- _EXERCISE_
Quote the whole listing word for word. Do not include the pictures.

- _DATASET EXTRACT_
* * * * * * * * *

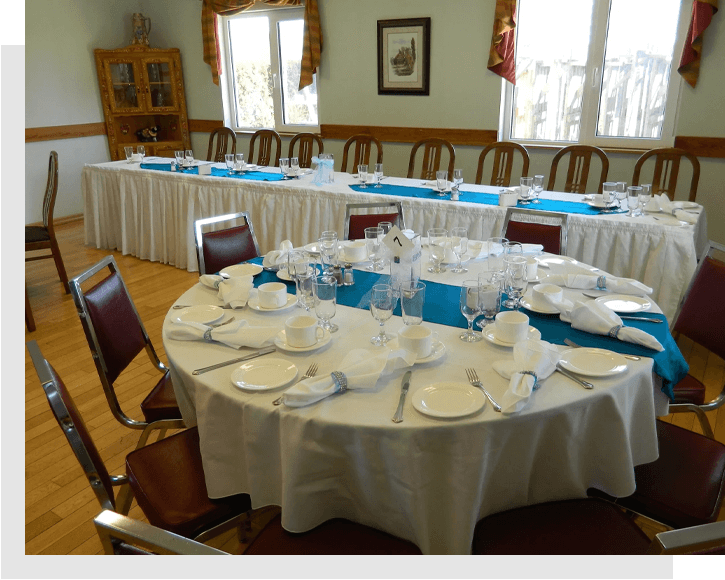 A round table with white tablecloth and blue napkins.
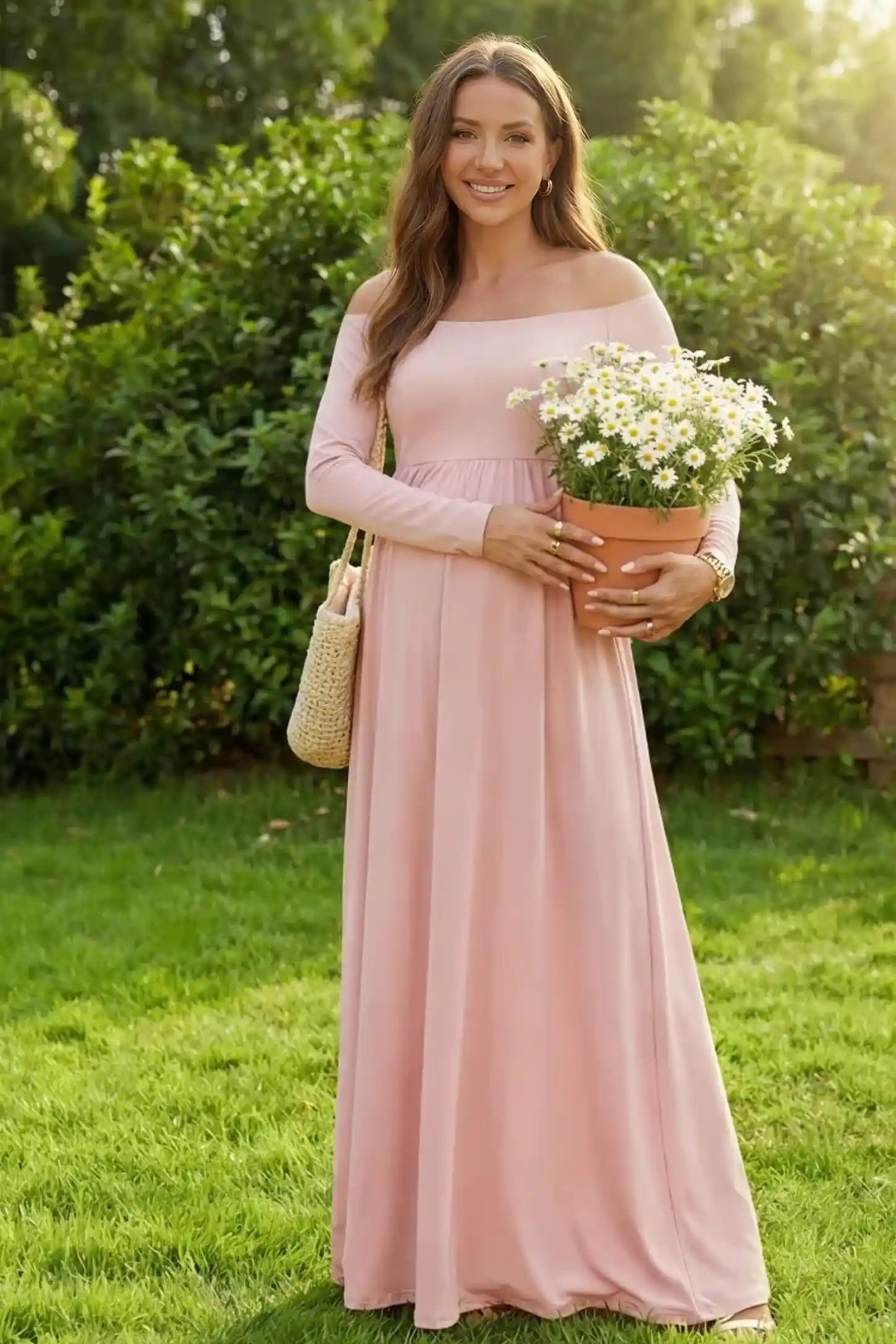 Off-shoulder long sleeve full skirt maxi maternity dress in pink with elegant off-shoulder design, on editorial lifestyle model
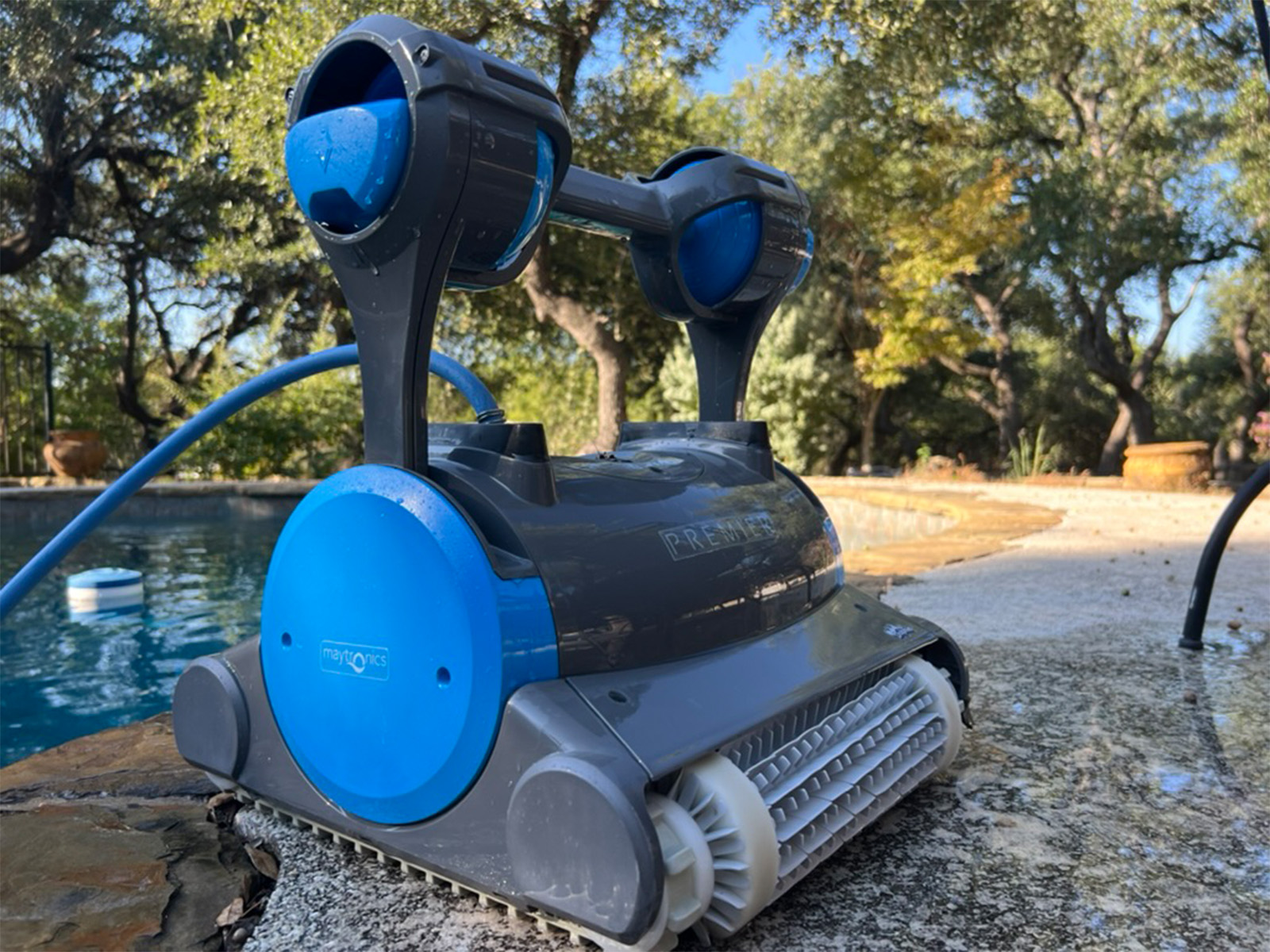 Side view of the Dolphin Premier showing the blue Maytronics side panel and rubber tracks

* * * * * * * * *

- _OUTPUT BELOW_
 A round table with white tablecloth and blue napkins.
 Off-shoulder long sleeve full skirt maxi maternity dress in pink with elegant off-shoulder design, on editorial lifestyle model
 Side view of the Dolphin Premier showing the blue Maytronics side panel and rubber tracks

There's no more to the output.